- Exercise:
With the line containing "Scott Reister (@scottreister)" as the start and the line containing "Tiz Silver Earring 1" as the end, transcribe that span of the entries below exactly, including both.

- Exercise material:
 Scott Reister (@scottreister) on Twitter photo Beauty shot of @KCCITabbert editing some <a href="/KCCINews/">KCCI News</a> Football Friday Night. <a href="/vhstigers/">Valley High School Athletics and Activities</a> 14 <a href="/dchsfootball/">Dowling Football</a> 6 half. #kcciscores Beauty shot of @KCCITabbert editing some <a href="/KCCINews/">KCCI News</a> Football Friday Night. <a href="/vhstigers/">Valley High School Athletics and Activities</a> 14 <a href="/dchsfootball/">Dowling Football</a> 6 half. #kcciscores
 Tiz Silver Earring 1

...

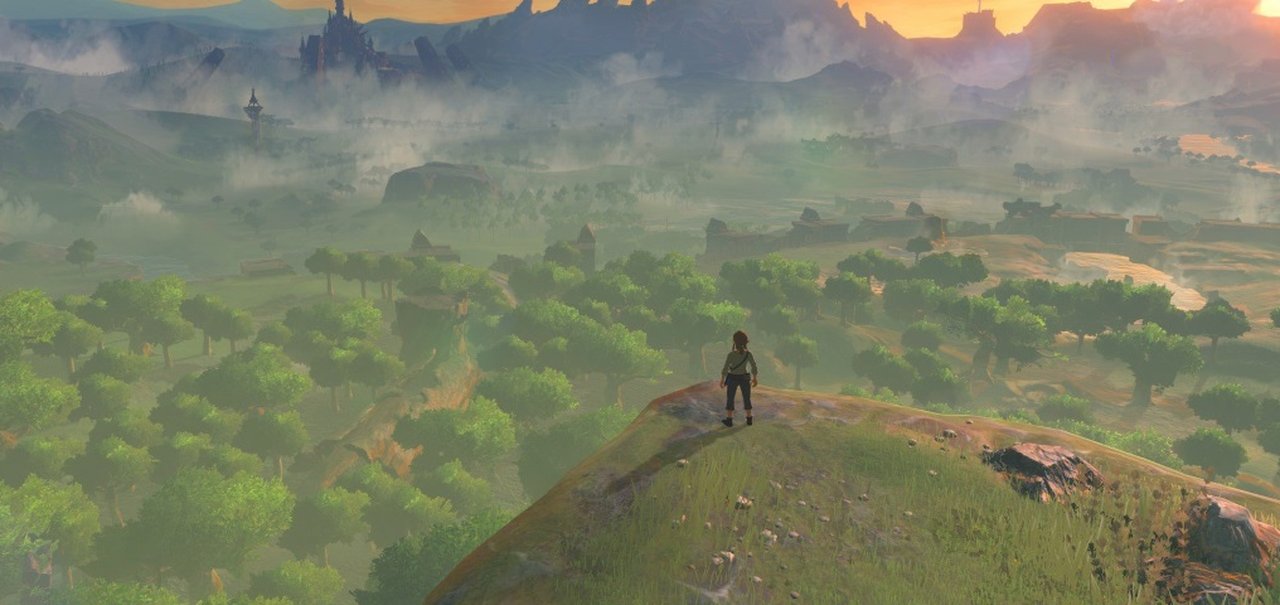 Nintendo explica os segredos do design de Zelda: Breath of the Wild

- Expected answer:
 Scott Reister (@scottreister) on Twitter photo Beauty shot of @KCCITabbert editing some <a href="/KCCINews/">KCCI News</a> Football Friday Night. <a href="/vhstigers/">Valley High School Athletics and Activities</a> 14 <a href="/dchsfootball/">Dowling Football</a> 6 half. #kcciscores Beauty shot of @KCCITabbert editing some <a href="/KCCINews/">KCCI News</a> Football Friday Night. <a href="/vhstigers/">Valley High School Athletics and Activities</a> 14 <a href="/dchsfootball/">Dowling Football</a> 6 half. #kcciscores
 Tiz Silver Earring 1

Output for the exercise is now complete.